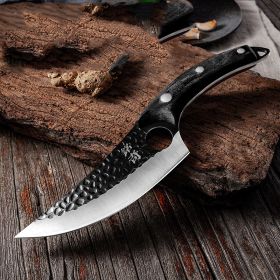 Forged Small Kitchen  Boning Knife (Option: MTG30 black)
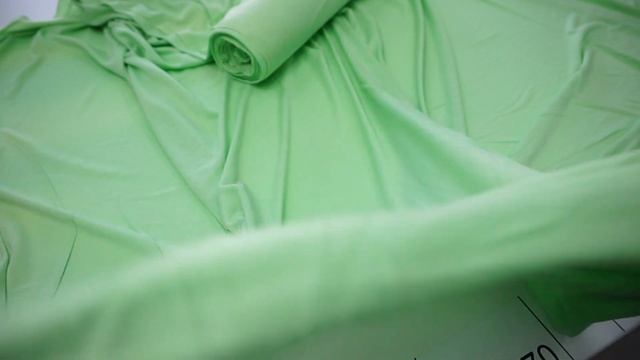 Трикотаж кулирка нежный салатовый  FM2459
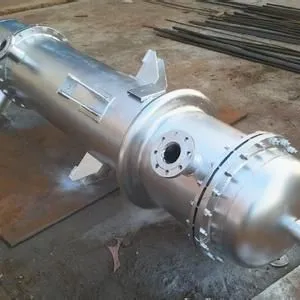 Tube Bundle Heat Exchanger | Core Steel Component for Gas Cooling in Shell & Tube Exchangers | Custom Designs Available thumbnail-4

PROBLEM TO WORK ON:
Repeat every line above precisely; pictures do not belong in the copy.

TASK ANSWER:
 Forged Small Kitchen  Boning Knife (Option: MTG30 black)
 Трикотаж кулирка нежный салатовый  FM2459
 Tube Bundle Heat Exchanger | Core Steel Component for Gas Cooling in Shell & Tube Exchangers | Custom Designs Available thumbnail-4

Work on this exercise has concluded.